He was right, of course. It seems perverse now that anyone could ever have doubted the song’s world-conquering potential, but back in the mid-1970s, Queen were still mere mortals. Though Mercury loudly professed his belief that A Night At The Opera was the band’s best album to date, proudly asserting they’d used it to “go out, not restrict ourselves with any barriers and just do what we want to do,” there was still a level of nervousness within the Queen camp about its lead single.
“With Bohemian Rhapsody, we just thought it was a very strong song and so we released it,” Mercury told journalist Harry Doherty upon its release in 1975. “But there were so many arguments about it. Somebody suggested cutting it down because the media reckons we have to have a three-minute single, but we want to put across Queen as songs. There is no point in cutting it. If you want to cut down Bohemian Rhapsody, it just won’t work.
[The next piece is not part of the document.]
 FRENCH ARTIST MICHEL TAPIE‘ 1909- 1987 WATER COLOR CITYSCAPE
He was right again. While Bohemian Rhapsody wasn’t strictly where Queen found their feet, it was the moment the public finally caught up with them. Having ignored those warnings from onlookers, including friend and DJ Kenny Everett, Queen soon found themselves vindicated. Everett played it 14 times on his radio show that very same weekend. An American DJ followed suit and suddenly the record company felt compelled to release a song they thought was commercial suicide. It was the Christmas No.1 in 1975, staying at the top of the UK charts for a record-breaking nine weeks.
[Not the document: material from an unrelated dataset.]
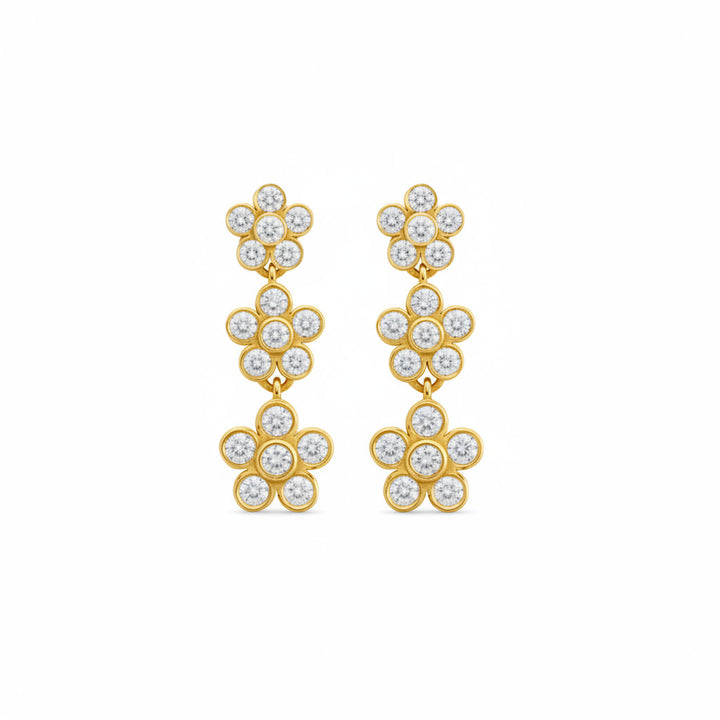 Daisy Trio Flower Earrings in Yellow Gold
Today, Bohemian Rhapsody is more than just Queen’s signature song: it’s become as big as the band that created it. The song reached No.1 again in the wake of Mercury’s death in 1991, and featured in an iconic scene in the hit movie Wayne’s World the following year. When the band decided to make a big screen biopic in 2018, there was only one song they cold name it after.
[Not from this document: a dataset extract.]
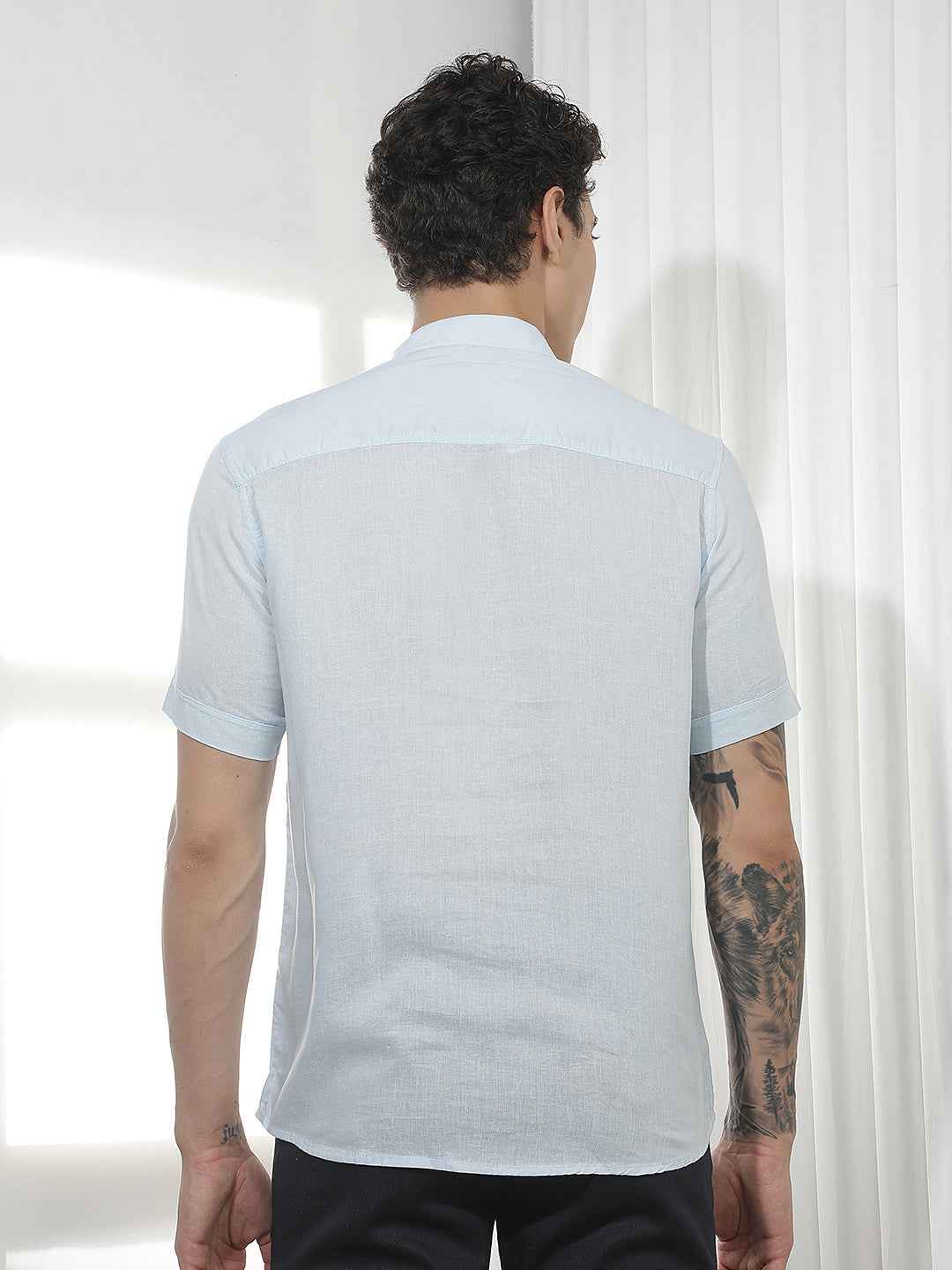 Sky Blue Linen Kurta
More than 40 years on, its daring fusion of heavy metal, show-tune balladry and light opera remains the high watermark in Queen’s career, and a tribute to the band’s collective imagination and desire to push everything as far as as they could. It broke the mould in 1975, and no-one has even dared to try and compete with it since.
“People ask me if I get tired of playing it, and I say ‘never,’” said Brian May. “I find the same listening to it. It’s a fabulous bit of music. I don’t take that much of a credit for it, because it’s Freddie’s brainchild. We all worked on it damn hard, and we all performed on it very well, and we all put in some ideas, but really you’re talking about something that happened in Freddie’s fevered brain at a certain point in time.”